Since I have been on a continuous journey to become healthy and lose weight, I have read several books in which the author outlines their key steps to success. Every book claims that this will be the book that will change your life.
The author fills the book with food and fitness plans that will bring success along with testimonials to let you know that others have paved the way to reinforce the claim that this particular plan will change your life. Each time I began reading the book, I did so with a positive outlook and firm belief that the author’s claims were true – this book will change my life.
My experience has shown that the book will change my next couple days, weeks or months; not life. Each time I had tried something new and didn’t follow through with it, I lost a little more faith in my ability to reach my goals; and I usually gained back the weight I lost while following the plan.
While I hadn’t stuck to one plan to completion, there is one plan that I still incorporate in my life today – The South Beach Diet.
The South Beach Diet was founded by Dr. Agatston, a cardiologist who found himself on a quest to find the best heart healthy diet for his patients. Not only did Dr. Agatston succeed at his quest, he also found that he created a diet that could help people lose weight and experience other benefits as well.
When I say diet in regard to the South Beach Diet, I mean the foods that we eat. The South Beach Diet is not so much a limit of things we cannot have, but a lifestyle change.

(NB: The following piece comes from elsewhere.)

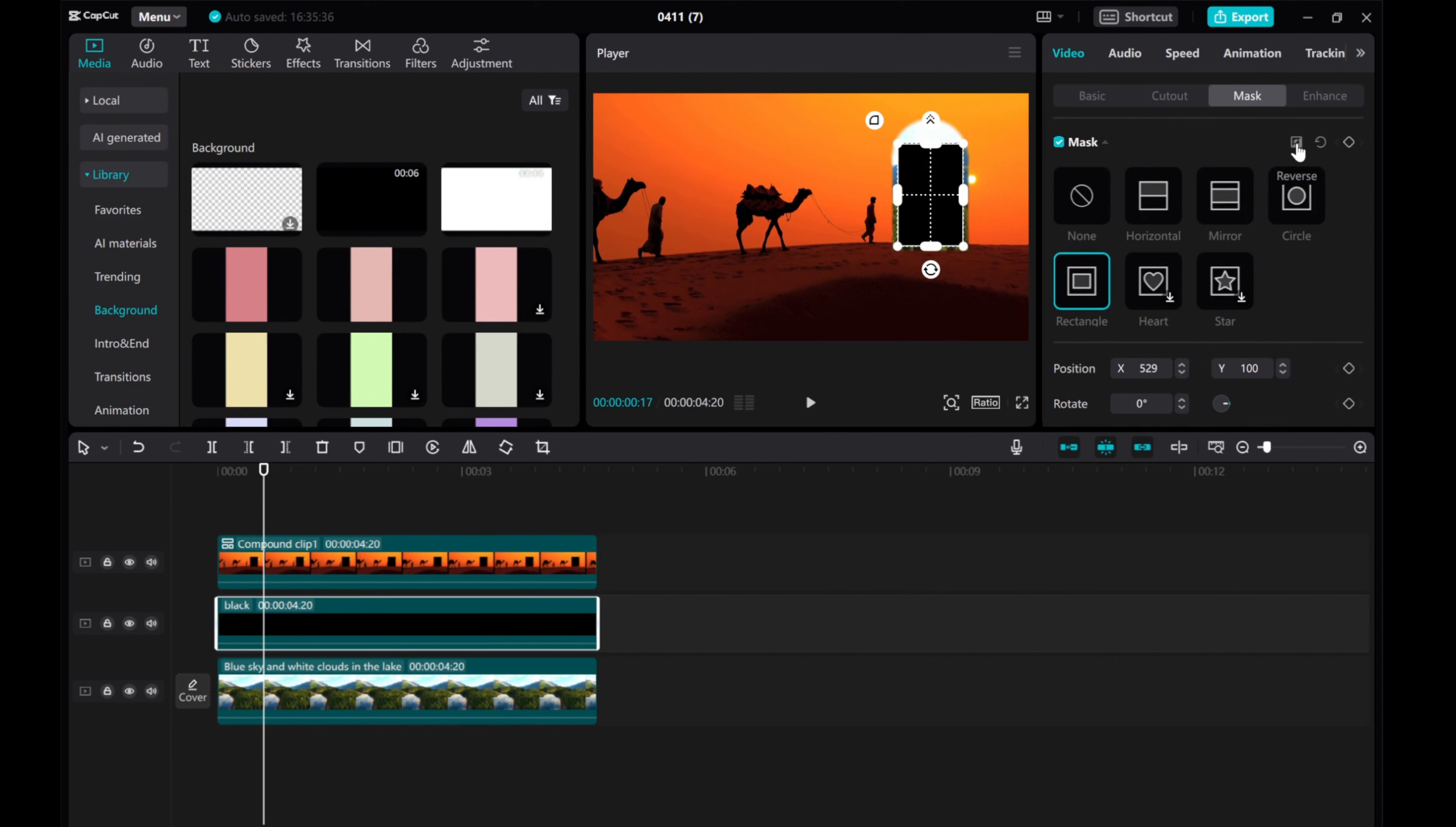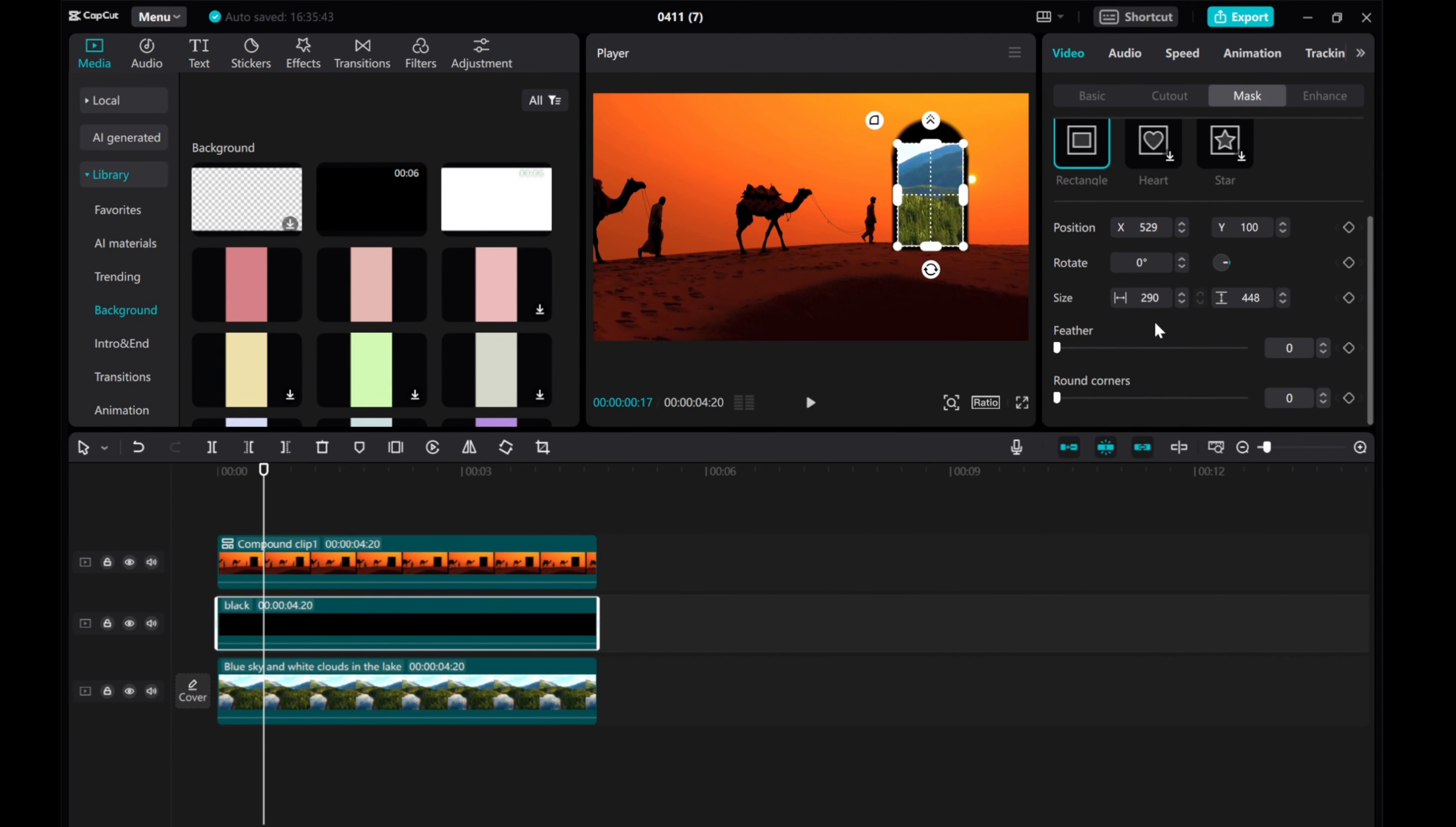Reverse it and feather it out to create depth.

Let me explain.
One of the first things I learned about the South Beach Diet was that it consists of three phases.
- Phase One should last for two weeks and the purpose is to eliminate cravings for things like white flour and sugar and the bonus side effect of losing 8- 13 lbs.
- Phase Two is the weight loss phase and should last until you reach your goal weight. Following this phase will lead to what is considered a healthy loss of 1 – 2 lbs per week.

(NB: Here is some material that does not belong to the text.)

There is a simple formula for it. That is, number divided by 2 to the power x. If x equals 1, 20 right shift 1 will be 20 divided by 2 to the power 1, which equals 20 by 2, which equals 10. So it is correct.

- Once your goal weight is reached you move on to Phase 3 which is the maintenance phase, where – you guessed it! – you will maintain the weight loss.
What I like about this book is that it explains the different food groups and why certain foods are eliminated or added into your diet based on the effect the foods have on your body. It’s about feeding your body the nutrients it needs to perform at maximum efficiency.
Dr. Agatston details why foods like chocolate cake and potato chips not only cause weight gain, but also cause cravings. When we eat unhealthy foods we misinterpret cravings. We could be dreaming of gummy bears when really our body is telling us an orange is in order. Phase One eliminates cravings so that our body can begin to understand what it needs instead of eating nonstop to satisfy a craving we don’t understand.
I experienced a great deal of success with The South Beach Diet. The first time I followed it, I lost about 45 lbs. and was able to follow it for about nine months. Then I got pregnant and decided I was going to have a french fry and ice cream party every day and no one could stop me! I gained back all 45 lbs. and an extra 30 lbs for good measure. I had struggles after having my son for several years and hadn’t really been able to stick to The Beach.
I do now, however, understand that when I cut out white flour and sugar, and add in fresh fruits, vegetables, whole grains, eggs, and lean meats, my chances to lose weight and have more energy increase.
While this book didn’t get into the nitty gritty of why I overeat, it did give me a better understanding of healthier foods to eat and foods that are best avoided. I also read the more detailed companion book Good Fats Good Carbs Guide. There are now several companion books to The South Beach Diet including a Restaurant Dining Guide and a few Cookbooks.
If you haven’t checked out The South Beach Diet yet and think you could use a better understanding of the food you eat that has nothing to do with calorie count, try this book. It may change the way you view what you eat for the better.